Selah (Hebrew: סלה‎)is an ancient middle Eastern term meaning "Let those with eyes see and with ears hear".

Saturday, June 20, 2009

DUMPED!!!

When I was 18 years old I dated the most beautiful girl in our school. Or that was what I thought anyway. We dated for 2 years and I thought that “this was the one”. She wasn’t and twenty years later, we both have moved onto happier and more fulfilled lives. There was a moment back then in that teenage bliss that I thought life couldn’t get better. And then one day we had a talk and...She broke up with me. At that age, the searing pain of your first real heart break is only overshadowed by the shock that it could happen to ME! The problem was that it would happen to me 5 more times over the next decade or so, before I met the person who would become my wife. And each time the pain and the shock was the same. Each time I promised myself that it would not happen again TO ME. But it did and maybe in hindsight it was good for me and ‘taught me many things’. That’s the kind of thing you have to say to yourself to get over being dumped over and over again.
Which brings me to South Africa and its relationship with its Cricket Team? The Proteas have a unique position in South African society for a sporting team. It seems everyone likes them. Even people who have no clue how the game they play works. They don’t come across arrogant and have accepted the name change to the Proteas without a fight (unlike rugby). They play well, win more than they lose and don’t change coaches every year (unlike soccer). They seem to appeal to all races, all ages and both genders. They have ducked the quota issue by having a sprinkling of black players who are now national heroes (Herschelle Gibbs and Makaya Ntini in particular and now JP Duminy and Wayne Parnell). They are good clean boys who seem to stay out of politics and trouble (ok this is a stretch but no one has been convicted on rape, smoking dope or match fixing...ok!)
It may also be the case that they are away so much that absence makes the heart grow fonder.
All in all, they have built around themselves the image of everyone’s cute baby brother doing his thing.
So it is not surprising that today a sizable section of the South African population is in muted mourning for the loss to Pakistan yesterday in the ICC T20 World Cup. The mourning is real because once again South Africa has not won a cricket tournament it had every opportunity and capacity to win. It made worse given the fact that we were not beaten by a more skilful, better organised and disciplined team – but by the very talented but totally volatile Pakistan who will probably be a total washout in the final.
It is muted because it wasn’t exactly unexpected. The Proteas have done this to us before. The Cricket World Cup loss to England in the 1992 semi final. The loss to the West Indies in the 1996 Cricket World Cup. That draw with Australia in the 1999 semi-final. The 2003 Cricket World Cup, Duckworth-Lewis loss in the pouring rain to Sri Lanka.

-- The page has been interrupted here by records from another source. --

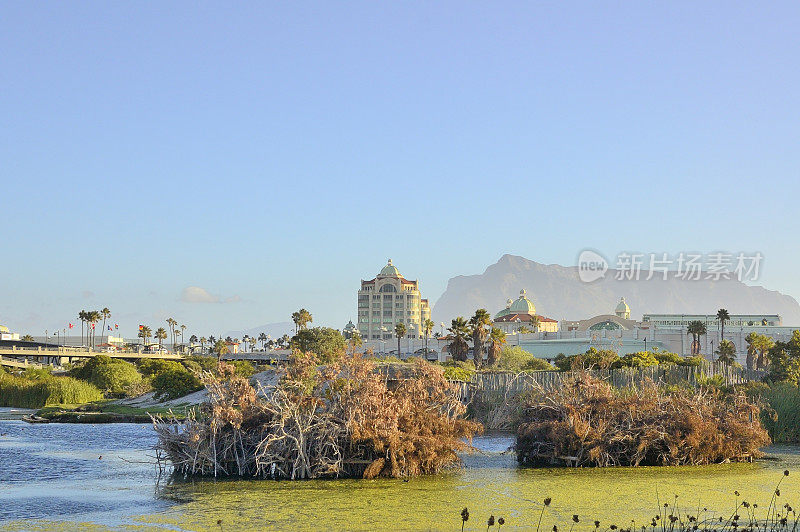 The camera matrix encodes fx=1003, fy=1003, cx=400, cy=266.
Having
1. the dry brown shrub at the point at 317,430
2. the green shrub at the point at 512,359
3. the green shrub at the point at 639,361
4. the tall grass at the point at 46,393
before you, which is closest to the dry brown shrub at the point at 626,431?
the dry brown shrub at the point at 317,430

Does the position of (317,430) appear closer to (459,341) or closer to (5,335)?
(459,341)

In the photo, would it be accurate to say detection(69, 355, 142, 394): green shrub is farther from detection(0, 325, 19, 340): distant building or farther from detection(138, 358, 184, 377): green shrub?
detection(0, 325, 19, 340): distant building

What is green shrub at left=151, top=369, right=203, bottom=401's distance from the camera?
76312 mm

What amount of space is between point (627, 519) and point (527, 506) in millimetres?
2578

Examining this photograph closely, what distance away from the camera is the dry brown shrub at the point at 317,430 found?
1012 inches

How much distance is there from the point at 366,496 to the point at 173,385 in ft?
188

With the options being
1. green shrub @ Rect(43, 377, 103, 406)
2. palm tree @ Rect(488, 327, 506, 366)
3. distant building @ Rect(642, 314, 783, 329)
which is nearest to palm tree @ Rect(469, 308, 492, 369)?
palm tree @ Rect(488, 327, 506, 366)

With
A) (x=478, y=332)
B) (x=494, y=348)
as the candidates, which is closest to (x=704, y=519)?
(x=478, y=332)

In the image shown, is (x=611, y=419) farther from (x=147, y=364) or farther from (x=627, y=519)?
(x=147, y=364)

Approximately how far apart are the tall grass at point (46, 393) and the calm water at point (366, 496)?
143 feet

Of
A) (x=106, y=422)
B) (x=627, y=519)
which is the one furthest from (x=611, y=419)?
(x=106, y=422)

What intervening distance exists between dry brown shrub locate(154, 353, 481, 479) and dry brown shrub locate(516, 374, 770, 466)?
3606 millimetres

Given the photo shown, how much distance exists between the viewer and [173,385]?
3059 inches

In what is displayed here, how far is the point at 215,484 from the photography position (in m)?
25.2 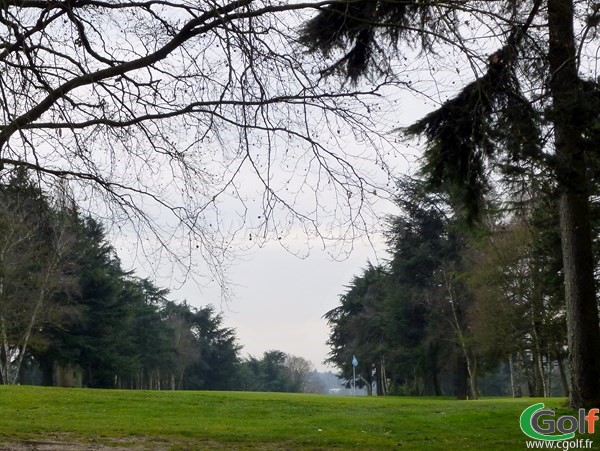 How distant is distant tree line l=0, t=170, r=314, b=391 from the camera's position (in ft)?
31.4

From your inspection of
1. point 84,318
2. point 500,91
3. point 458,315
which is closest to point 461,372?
point 458,315

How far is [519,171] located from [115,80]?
15.8 feet

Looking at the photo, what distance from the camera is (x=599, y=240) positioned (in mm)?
23828

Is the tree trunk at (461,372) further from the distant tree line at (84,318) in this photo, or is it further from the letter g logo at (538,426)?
the letter g logo at (538,426)

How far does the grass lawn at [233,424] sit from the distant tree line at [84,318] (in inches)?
91.3

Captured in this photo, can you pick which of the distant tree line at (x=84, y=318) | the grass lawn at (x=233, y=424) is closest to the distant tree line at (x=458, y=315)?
the grass lawn at (x=233, y=424)

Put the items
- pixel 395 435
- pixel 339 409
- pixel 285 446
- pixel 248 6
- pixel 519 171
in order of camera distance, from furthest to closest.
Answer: pixel 339 409 < pixel 395 435 < pixel 285 446 < pixel 519 171 < pixel 248 6

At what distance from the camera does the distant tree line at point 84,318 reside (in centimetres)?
959

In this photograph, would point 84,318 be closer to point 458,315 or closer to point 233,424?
point 458,315

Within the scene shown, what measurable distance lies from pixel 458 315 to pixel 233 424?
28.7 meters

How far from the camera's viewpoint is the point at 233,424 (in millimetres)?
15688

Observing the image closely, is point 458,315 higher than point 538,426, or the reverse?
point 458,315

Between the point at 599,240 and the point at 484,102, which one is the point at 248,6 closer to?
the point at 484,102

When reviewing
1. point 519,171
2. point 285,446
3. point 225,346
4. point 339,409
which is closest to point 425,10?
point 519,171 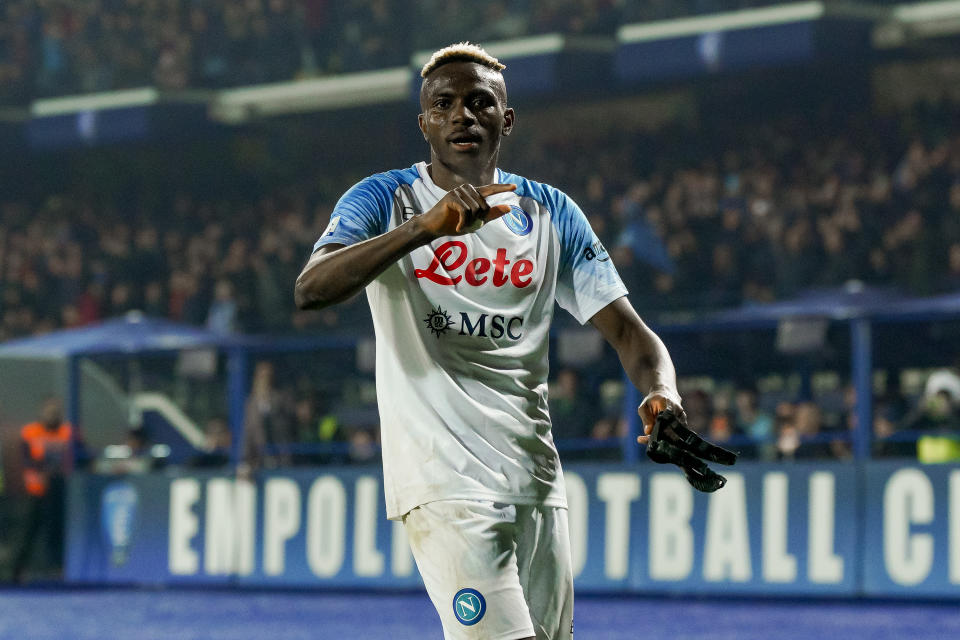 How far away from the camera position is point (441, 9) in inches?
1046

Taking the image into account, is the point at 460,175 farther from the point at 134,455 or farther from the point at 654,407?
the point at 134,455

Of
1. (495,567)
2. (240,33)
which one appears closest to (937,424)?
(495,567)

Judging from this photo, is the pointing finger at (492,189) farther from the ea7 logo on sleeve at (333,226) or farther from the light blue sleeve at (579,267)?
the light blue sleeve at (579,267)

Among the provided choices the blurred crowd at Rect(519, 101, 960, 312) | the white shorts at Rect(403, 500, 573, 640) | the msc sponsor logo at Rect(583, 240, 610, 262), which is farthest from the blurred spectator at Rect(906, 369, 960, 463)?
the white shorts at Rect(403, 500, 573, 640)

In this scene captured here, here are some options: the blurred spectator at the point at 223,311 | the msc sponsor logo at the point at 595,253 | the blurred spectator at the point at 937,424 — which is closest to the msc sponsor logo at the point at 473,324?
the msc sponsor logo at the point at 595,253

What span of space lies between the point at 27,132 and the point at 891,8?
53.3 ft

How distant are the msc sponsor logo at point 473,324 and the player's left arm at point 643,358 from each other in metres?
0.29

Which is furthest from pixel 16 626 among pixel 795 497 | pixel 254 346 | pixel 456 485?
pixel 456 485

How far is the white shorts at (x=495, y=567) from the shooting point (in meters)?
4.08

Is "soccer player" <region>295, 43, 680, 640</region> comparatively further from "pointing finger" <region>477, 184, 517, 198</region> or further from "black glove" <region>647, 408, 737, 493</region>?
"pointing finger" <region>477, 184, 517, 198</region>

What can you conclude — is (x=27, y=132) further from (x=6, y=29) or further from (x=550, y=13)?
(x=550, y=13)

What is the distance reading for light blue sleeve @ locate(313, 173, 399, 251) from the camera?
399 cm

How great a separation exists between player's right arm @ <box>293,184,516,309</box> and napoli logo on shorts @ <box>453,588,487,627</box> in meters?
0.81

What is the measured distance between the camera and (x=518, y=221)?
425 cm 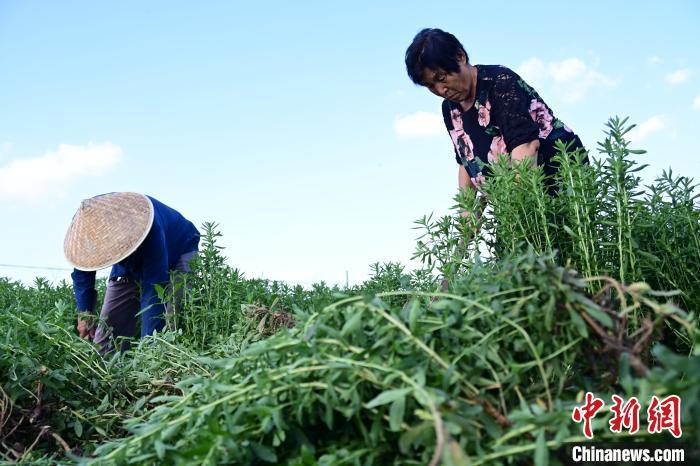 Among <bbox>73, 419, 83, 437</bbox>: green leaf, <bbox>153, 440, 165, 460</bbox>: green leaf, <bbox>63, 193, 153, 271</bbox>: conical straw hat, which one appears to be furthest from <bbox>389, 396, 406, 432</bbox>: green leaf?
<bbox>63, 193, 153, 271</bbox>: conical straw hat

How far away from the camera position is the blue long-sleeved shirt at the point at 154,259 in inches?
132

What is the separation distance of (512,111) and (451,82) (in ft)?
0.97

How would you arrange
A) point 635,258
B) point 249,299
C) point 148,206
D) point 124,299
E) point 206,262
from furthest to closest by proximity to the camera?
point 124,299 → point 148,206 → point 206,262 → point 249,299 → point 635,258

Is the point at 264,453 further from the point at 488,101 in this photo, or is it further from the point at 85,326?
the point at 85,326

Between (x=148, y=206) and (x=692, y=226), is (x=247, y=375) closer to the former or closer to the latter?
(x=692, y=226)

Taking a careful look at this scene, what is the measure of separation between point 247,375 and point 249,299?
173 cm

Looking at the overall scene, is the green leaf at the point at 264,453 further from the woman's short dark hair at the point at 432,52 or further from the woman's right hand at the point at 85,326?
the woman's short dark hair at the point at 432,52

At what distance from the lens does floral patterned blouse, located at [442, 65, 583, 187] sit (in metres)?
2.53

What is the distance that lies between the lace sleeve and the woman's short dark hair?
205mm

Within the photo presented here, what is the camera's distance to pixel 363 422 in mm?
849

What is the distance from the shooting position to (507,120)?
2.57 metres

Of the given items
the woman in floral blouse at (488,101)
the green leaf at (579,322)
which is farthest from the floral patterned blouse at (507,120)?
the green leaf at (579,322)

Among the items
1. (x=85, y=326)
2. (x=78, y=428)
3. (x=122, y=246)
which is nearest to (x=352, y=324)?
(x=78, y=428)

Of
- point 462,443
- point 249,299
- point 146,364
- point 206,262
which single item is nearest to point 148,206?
point 206,262
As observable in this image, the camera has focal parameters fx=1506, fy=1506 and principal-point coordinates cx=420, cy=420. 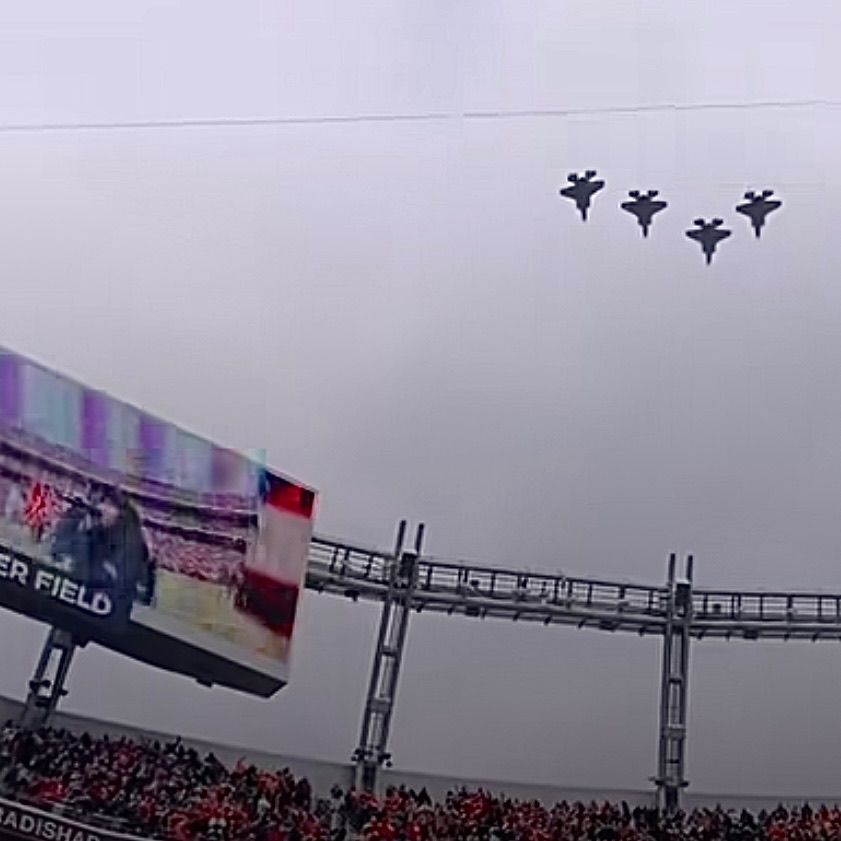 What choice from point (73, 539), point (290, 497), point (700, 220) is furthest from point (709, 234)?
point (73, 539)

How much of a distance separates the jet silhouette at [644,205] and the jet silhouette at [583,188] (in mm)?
702

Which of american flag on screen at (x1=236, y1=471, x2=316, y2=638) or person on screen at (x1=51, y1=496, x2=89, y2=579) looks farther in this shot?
american flag on screen at (x1=236, y1=471, x2=316, y2=638)

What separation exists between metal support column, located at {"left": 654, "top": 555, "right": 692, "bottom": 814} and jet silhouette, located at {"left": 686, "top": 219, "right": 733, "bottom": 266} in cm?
1153

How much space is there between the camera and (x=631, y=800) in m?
33.5

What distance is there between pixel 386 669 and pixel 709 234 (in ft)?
43.8

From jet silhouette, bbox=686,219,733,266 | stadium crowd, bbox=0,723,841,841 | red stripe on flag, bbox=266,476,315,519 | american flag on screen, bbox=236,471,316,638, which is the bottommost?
stadium crowd, bbox=0,723,841,841

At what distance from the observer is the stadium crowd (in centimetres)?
2695

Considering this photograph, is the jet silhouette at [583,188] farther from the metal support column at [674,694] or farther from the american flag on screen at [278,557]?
the metal support column at [674,694]

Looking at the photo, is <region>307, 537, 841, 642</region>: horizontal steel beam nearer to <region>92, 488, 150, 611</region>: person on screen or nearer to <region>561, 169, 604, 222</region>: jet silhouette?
<region>92, 488, 150, 611</region>: person on screen

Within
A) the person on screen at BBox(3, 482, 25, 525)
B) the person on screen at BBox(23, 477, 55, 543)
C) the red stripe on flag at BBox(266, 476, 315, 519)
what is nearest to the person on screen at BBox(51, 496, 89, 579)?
the person on screen at BBox(23, 477, 55, 543)

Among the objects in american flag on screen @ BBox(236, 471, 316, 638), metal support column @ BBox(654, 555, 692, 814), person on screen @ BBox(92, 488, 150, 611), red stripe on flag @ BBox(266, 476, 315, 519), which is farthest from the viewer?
metal support column @ BBox(654, 555, 692, 814)

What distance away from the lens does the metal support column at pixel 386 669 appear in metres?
32.1

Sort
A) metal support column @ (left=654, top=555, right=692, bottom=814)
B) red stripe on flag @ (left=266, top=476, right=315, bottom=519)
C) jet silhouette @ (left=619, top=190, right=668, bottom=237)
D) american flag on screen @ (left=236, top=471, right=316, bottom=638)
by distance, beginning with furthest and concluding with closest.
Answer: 1. metal support column @ (left=654, top=555, right=692, bottom=814)
2. red stripe on flag @ (left=266, top=476, right=315, bottom=519)
3. american flag on screen @ (left=236, top=471, right=316, bottom=638)
4. jet silhouette @ (left=619, top=190, right=668, bottom=237)

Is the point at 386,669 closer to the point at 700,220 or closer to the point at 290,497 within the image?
the point at 290,497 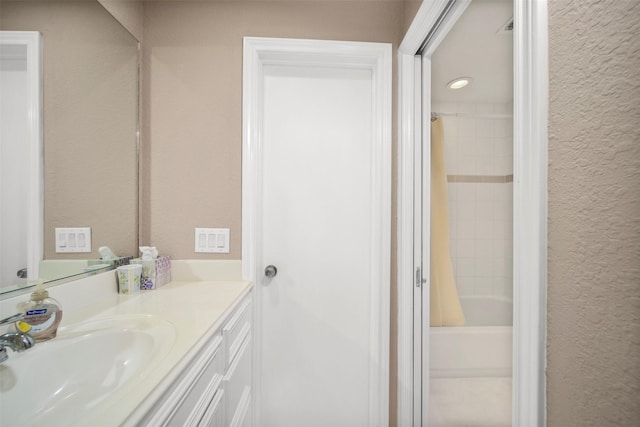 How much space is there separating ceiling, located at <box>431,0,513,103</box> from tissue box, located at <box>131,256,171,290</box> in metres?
1.85

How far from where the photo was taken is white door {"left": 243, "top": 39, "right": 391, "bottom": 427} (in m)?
1.51

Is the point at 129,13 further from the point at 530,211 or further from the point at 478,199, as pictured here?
the point at 478,199

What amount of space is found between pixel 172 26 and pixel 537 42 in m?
1.68

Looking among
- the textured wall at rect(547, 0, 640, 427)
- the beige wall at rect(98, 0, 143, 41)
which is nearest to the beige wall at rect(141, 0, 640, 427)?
the textured wall at rect(547, 0, 640, 427)

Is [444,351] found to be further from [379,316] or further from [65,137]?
[65,137]

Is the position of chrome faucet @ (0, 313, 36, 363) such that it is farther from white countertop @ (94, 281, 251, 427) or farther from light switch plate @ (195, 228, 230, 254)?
light switch plate @ (195, 228, 230, 254)

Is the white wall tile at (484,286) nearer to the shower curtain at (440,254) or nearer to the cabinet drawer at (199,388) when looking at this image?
the shower curtain at (440,254)

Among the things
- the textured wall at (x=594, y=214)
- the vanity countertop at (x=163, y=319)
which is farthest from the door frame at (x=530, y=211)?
the vanity countertop at (x=163, y=319)

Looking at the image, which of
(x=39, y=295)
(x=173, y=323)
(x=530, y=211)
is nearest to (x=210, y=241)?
(x=173, y=323)

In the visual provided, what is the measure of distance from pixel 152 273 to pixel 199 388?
0.72m

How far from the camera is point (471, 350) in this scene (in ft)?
5.78

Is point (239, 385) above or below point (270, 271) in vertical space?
below

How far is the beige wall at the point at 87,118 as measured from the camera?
3.02ft

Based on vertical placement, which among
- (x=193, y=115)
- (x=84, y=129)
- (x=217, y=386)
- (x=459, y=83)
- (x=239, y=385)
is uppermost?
(x=459, y=83) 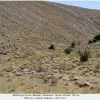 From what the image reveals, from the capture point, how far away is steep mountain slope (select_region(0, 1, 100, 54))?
35.7 meters

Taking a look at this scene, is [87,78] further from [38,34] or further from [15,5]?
[15,5]

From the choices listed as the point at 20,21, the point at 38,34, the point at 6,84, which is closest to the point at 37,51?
the point at 38,34

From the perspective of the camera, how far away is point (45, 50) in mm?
35438

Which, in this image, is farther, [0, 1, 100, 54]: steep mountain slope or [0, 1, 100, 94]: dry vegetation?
[0, 1, 100, 54]: steep mountain slope

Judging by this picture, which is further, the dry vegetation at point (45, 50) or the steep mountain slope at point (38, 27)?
the steep mountain slope at point (38, 27)

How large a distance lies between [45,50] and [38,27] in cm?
1502

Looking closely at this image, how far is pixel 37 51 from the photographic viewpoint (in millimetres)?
34125

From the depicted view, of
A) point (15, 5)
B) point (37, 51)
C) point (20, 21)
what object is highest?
point (15, 5)

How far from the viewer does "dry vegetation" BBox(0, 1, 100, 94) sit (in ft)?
37.2

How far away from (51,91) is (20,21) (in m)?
38.1

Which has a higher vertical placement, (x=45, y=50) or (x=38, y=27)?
(x=38, y=27)

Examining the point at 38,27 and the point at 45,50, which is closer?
the point at 45,50

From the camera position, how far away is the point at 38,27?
162ft

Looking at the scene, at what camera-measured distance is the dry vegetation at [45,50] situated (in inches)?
447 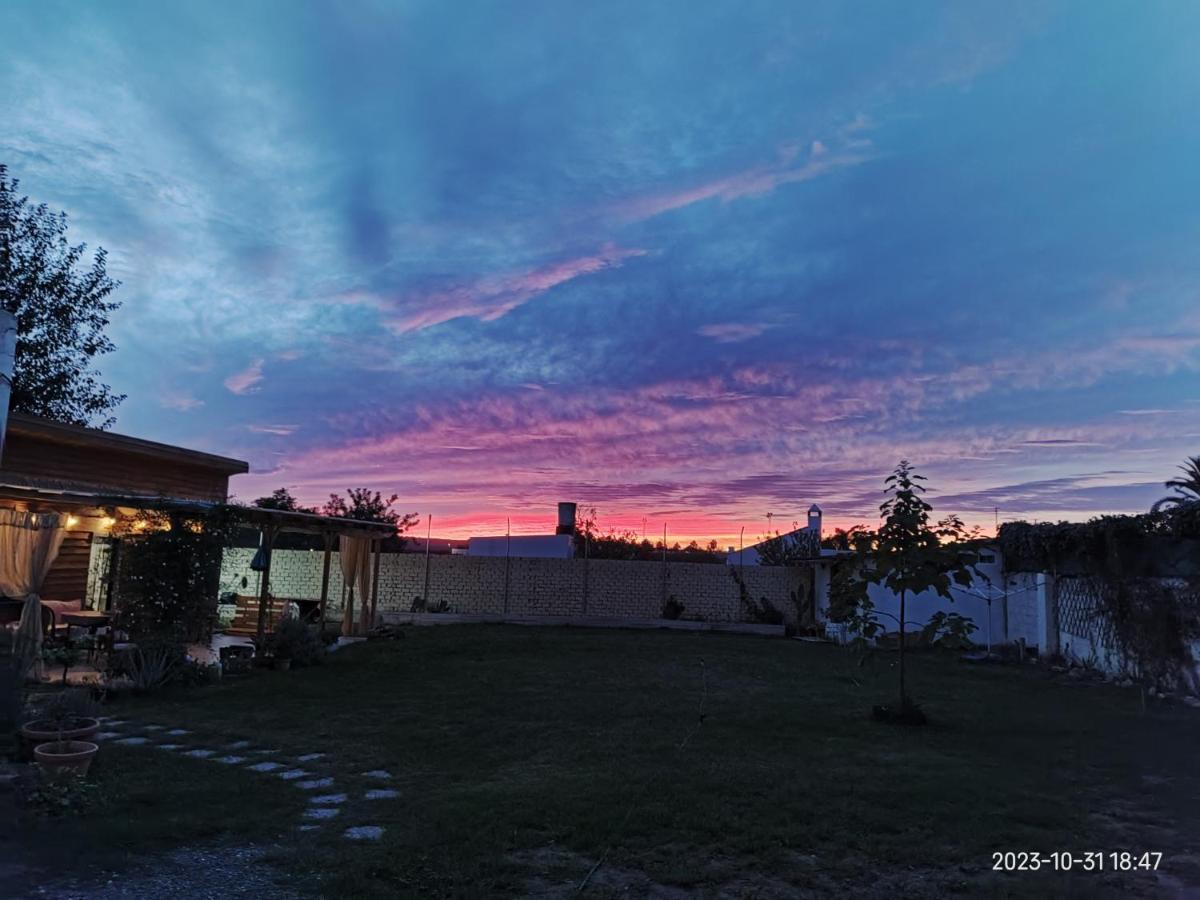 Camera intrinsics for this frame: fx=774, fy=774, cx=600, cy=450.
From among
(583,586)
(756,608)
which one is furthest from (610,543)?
(756,608)

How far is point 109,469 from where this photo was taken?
14.3 meters

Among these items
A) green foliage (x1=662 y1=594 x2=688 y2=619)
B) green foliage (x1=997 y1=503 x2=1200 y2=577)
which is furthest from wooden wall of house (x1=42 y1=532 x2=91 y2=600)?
green foliage (x1=997 y1=503 x2=1200 y2=577)

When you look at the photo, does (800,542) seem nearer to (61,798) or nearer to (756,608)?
(756,608)

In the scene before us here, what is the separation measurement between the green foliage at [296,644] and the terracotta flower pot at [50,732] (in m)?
6.32

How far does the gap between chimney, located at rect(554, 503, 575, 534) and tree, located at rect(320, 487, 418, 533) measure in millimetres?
9064

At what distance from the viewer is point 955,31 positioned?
9.05 meters

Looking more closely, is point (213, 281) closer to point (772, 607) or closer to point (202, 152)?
point (202, 152)

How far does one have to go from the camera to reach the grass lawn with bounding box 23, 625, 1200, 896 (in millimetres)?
3814

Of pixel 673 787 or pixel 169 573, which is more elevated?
pixel 169 573

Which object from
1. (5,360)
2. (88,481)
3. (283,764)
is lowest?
(283,764)

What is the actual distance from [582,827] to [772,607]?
56.9ft

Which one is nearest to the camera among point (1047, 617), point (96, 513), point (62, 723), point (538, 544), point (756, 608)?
point (62, 723)

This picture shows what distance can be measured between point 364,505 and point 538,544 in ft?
36.1

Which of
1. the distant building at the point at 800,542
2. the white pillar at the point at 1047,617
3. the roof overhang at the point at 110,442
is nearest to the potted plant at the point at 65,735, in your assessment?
the roof overhang at the point at 110,442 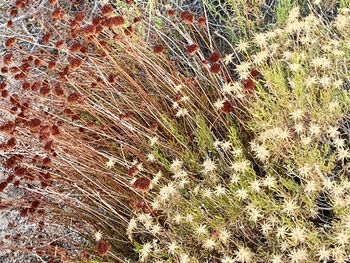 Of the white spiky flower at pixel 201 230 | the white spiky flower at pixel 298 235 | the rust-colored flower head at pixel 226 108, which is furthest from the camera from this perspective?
the rust-colored flower head at pixel 226 108

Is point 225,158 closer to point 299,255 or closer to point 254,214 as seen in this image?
point 254,214

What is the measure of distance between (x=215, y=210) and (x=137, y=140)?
0.58m

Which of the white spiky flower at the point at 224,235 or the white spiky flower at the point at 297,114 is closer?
the white spiky flower at the point at 224,235

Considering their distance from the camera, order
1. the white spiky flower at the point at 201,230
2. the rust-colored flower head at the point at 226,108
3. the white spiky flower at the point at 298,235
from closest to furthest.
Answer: the white spiky flower at the point at 298,235 → the white spiky flower at the point at 201,230 → the rust-colored flower head at the point at 226,108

The humiliating 2007 Cricket World Cup loss to Bangladesh which made qualification for the final very difficult and finally resulted in a loss to Australia in the semi’s – AGAIN. In all these tournaments, South Africa had formidable teams – usually with of the world’s best ranked bowlers (Alan Donald or Shaun Pollack) or of the best ranked batsman (Jacques Kallis or Darryl Cullinan) playing. South Africa has always been the best fielding team in the world. In fact before the 2007 Cricket World Cup, SA was the number 1 ODI ranked team in the world.
And then yesterday...South Africa went into the semi-final, unbeaten and seemingly unbeatable. And yet we were dumped...AGAIN.
So... is it a case of the heart searing pain of defeat? Or... is it just the fact the how could it happen to us... AGAIN?